Friday, 26 September 2008

Not all crashes are bad

Day shift: Five calls; two assisted-only, three by ambulance.

Stats: 1 MI; 1 eTOH fit; 1 Dizzy person; 1 eTOH; 1 ?CVA

An unusual case to start the day. A 57 year-old man crashed his van into the barriers at the side of a busy road after having what everyone thought was an epileptic fit. The crew was on scene and I arrived as they took him into the ambulance. He certainly looked as if he’d had some kind of fit and there was evidence of him having lost bladder control in the vehicle but his demeanour shouted a lot more about him and his ECG appeared to show that he was having an MI but our ECG’s can be unreliable at times and when he got to hospital they discovered that he was in unstable VT.

It turns out he’d gone into VF whilst driving and lost consciousness as he began to arrest – this caused him to roll into the barrier as his vehicle crossed the road under no control whatsoever. The collision wasn’t enough to hurt him badly but it did create a significant thump to his chest and this acted like a defibrillator, bringing him out of VF and into VT. His life was probably saved by it and he most likely had a seizure as a result of oxygen deprivation.

He lay on the bed in Resus telling everyone that he felt fine, while his ECG did strange things and the staff put defib pads on him. I probably won’t see that combination of events for the rest of my career.


A 67 year-old alcoholic had a fit at a train station (in fact, according to witnesses he had three). The crew was on scene with me and another turned up for good measure but he was stable and didn’t fit again as far as I’m aware.

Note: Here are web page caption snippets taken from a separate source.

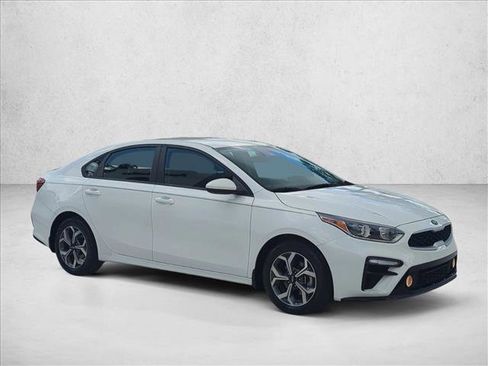 Used 2021 Kia Forte LXS FWD image 3
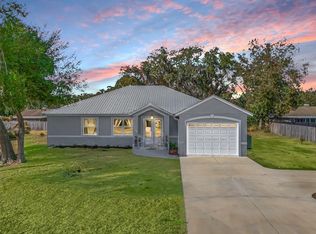 1166 County Road 441, Lake Panasoffkee, FL 33538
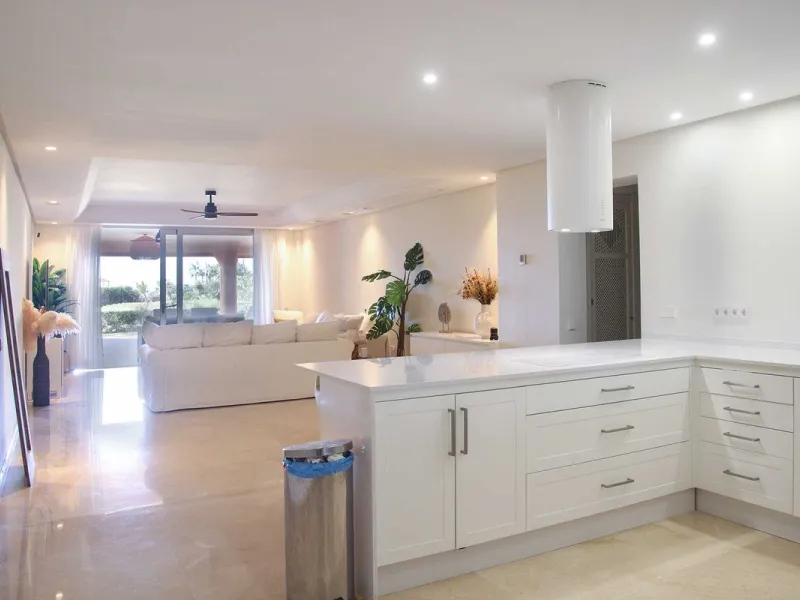 Apartment - Ground Floor Apartment в продаже в Marbella, Málaga. В доме 4 спален и 4 ванных комнат. Площадь дома 186 м²
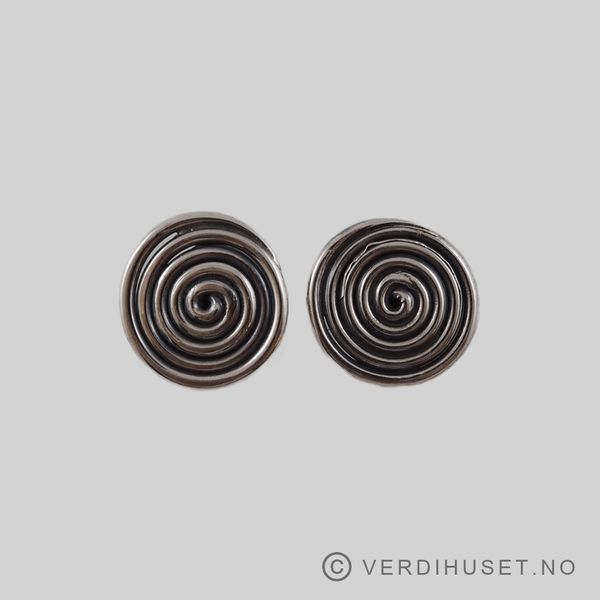 Hovedbilde Øreklips i oksidert sølv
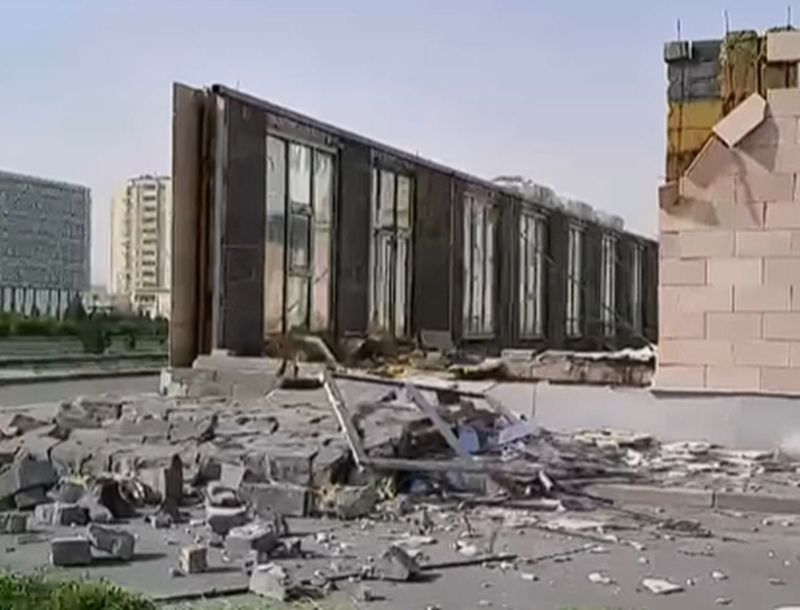 Ураганный ветер пронесся по Шымкенту, Таразу и идет на Алматы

The new drugs for Parkinson’s work well to control the symptoms and my next patient, afflicted with this condition, suffered a dizzy spell after walking around all morning with his wife. The man looked perfectly fine as he sat on a bus and if he hadn’t told me he had Parkinson’s I wouldn’t have known. After a long chat, in which I learned that he used to be an architect and that he dabbled in digital photography and knew more about computers than his grand-children, the crew arrived to take him on board for further checks before letting him and his wife continue their onward journey home.


Another alcoholic who was said to be fitting wasn’t in fact. He just lay on the pavement, worrying passers-by. He still had the pyjama bottoms on from his last trip to hospital and he wasn’t interested in another visit, so I helped him up and he staggered away to a better place for sleeping.


An off-duty nurse helped me with my last patient, a 40 year-old man who was suffering a ?CVA at a train station. Screens had been erected around him, which is always useful and something we can’t carry around because of the lack of space in our vehicles but they served me well and the privacy and dignity of the patient was preserved as people rushed around catching and leaving trains.

I had enough time to put a line in, just in case, before the ambulance arrived to take the confused and agitated man away.

Be safe.

2 comments:

Uncle J said...

"it did create a significant thump to his chest"

Significant indeed if this rather informal way of administering a 'Precordial thump' saved his life!

Crazy Newt said...

re: the "significant thump" incident. When I was doing my OFA 3s a while back (OFA being Occupational First Aid - highest level, and a prereq for my EMT course next month), we were running through weird scenarios for fun during a practice day. Basically, going through cases that had actually happened to our instructor.

Anyways, mine basically involved a guy that had been having a MI, hit an exposed wire, and was shocked. But the shock got his heart going again. The instructor said it was "the damnedest thing" he'd ever seen.

(P.S. I love this blog. It's thoroughly addicting to read).